The Difference Between the Works of Jung and Frankl…

The difference between the works of Jung and Frankl and almost all of what has been written in psychology is that both have designed a psychology for healthy minds, while the bulk of the rest applies only to sick mental states, emphasizing, always and only, the morbidity from which man can suffer. A person who is even remotely experienced and sane and chooses a work by Freud or Adler to enter the science of the mind will come out amazed and disgusted, overcome by a mixture of strangeness and repulsion because, obviously, the man painted in such works has little or nothing in common with himself. And then he will see, on every page, endless classifications of disorders, complexes, and the like, often associated with natural behaviors, but justified by reasons that seem like direct insults to him who reads. In Jung, in Frankl, how different everything is! In these great psychiatrists, who were also great men, although one can find Freud and Adler, the high spirit can finally recognize itself.
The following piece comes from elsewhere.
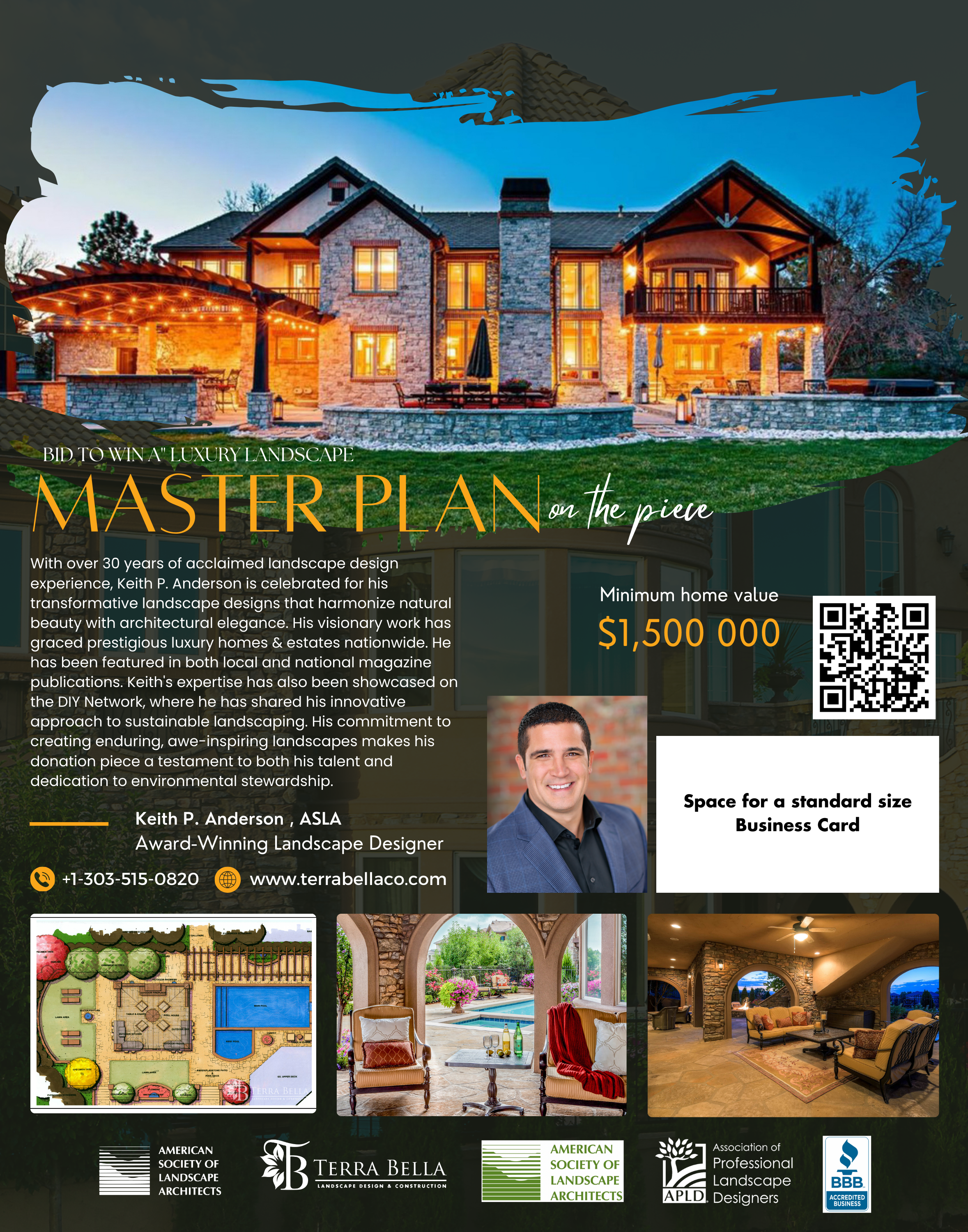 Graphic Design by Custom A for this project | Design #33335807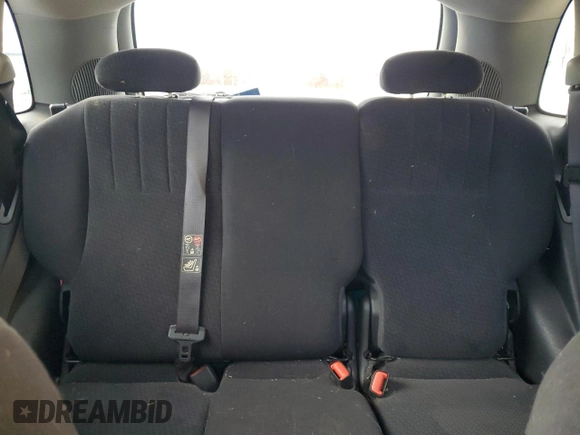 2004 Chrysler PT Cruiser Touring with VIN 3C8FY588X4T325398, listed as a Copart auction lot 78897684 with 98,296 mi miles and Salvage Title. Bid and sale history available at carsss.com. Image 10.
Modern Psychology, Taking Away Man’s Autonomy…

It is curious how modern psychology, by taking away man’s autonomy, painting him as submissive to this monster created by Freud,—the “unconscious,”—has ended up devaluing his own mind, the opposite of what one might expect. Even Jung, who so distinctly perceived the individual character of human psychology, seems to slip into some false notions of modern psychology. He claims, with some prudent caveats, that nothing influences our conduct so little as ideas. And here we return, once again, to the insulting comparison of this “our”. What “our”? Unquestionably, different men make different uses of the minds they possess. One does not have to be a philosopher to have a “philosophy of life”; and what is this but the practical result of the individual’s ideas, concepts and judgments? How can the practical consequences of reasoning be denied to the man of value? How can we continue with this infamous contention that all morality is a strictly collective construction? If ideas really influence man so little, one can only conclude that this man, specifically, is inferior.

The Development of Personality, by Carl Jung

Jung is truly admirable! The effort he undertook in trying to integrate the irrational elements of the human psyche into his analytical psychology, aware of the criticism he would receive from the scientific community, is worthy of the highest appreciation. Jung not only refused to deny or hide what he saw, but he sincerely sought explanations for extremely intricate problems, exposing them even if groping in the dark. The vision of “personality” that he expounds in this paper, translated as The development of personality, shows an acuity very rare in children of academia, and affronts the notion that man is limited to a biological-social construction. Personality cannot be taught or generalized, does not manifest spontaneously, and consists of an act of courage against herd behavior. It is a badge, a destiny and a curse. It is a conscious and individual deliberation, which requires a commitment to oneself and is never given out of necessity. It is, therefore, a choice, with unbearable consequences for the majority, and which completely changes the behavioral paradigm of the one who makes it. Jung, perhaps the greatest of modern psychiatrists, was especially great for not settling into the comfort of psychology textbooks and not giving in to the delusional postulate that the human mind obeys a universal functioning.

Nocturnal Minds

Cioran, Antero, Kafka… all endowed with a nocturnal mind, that is, a mind that, in opposition to daytime bodily habits, chooses the night to put itself in intense activity. Most nights, therefore, a real torture, an incessant conflict that only ends when the light already invades the bedroom window. The tired body asking for rest, and the mind having in the stillness of dawn the perfect time to work. Ideas bursting like firecrackers, reasoning that builds upon each other, scenes, judgments, afflictions, plans, expectations, all bursting forth, sucking attention when the desire is to annul them all. Then, already accustomed to it, the spirit begins to call good nights those in which sleep is like a semi-sleep—the maximum it can reach—a state in which mental chatter blends into a middle ground between dream and reasoning, already automated by an unconscious enchainment and only interrupted by spaced awakenings, in which a conscious glimmer questions the degree of its own lucidity. And from this apparently terrible routine, many, many fruits, solutions that would never be given in a fully awake state, ideas that, if not originating from the deepest recess of the mind, seem to be placed by the hands of a superior spirit. Very well, very well: it is possible to learn to enjoy nights like this—it is just not possible, for a mind like this, to be in a good mood in the mornings.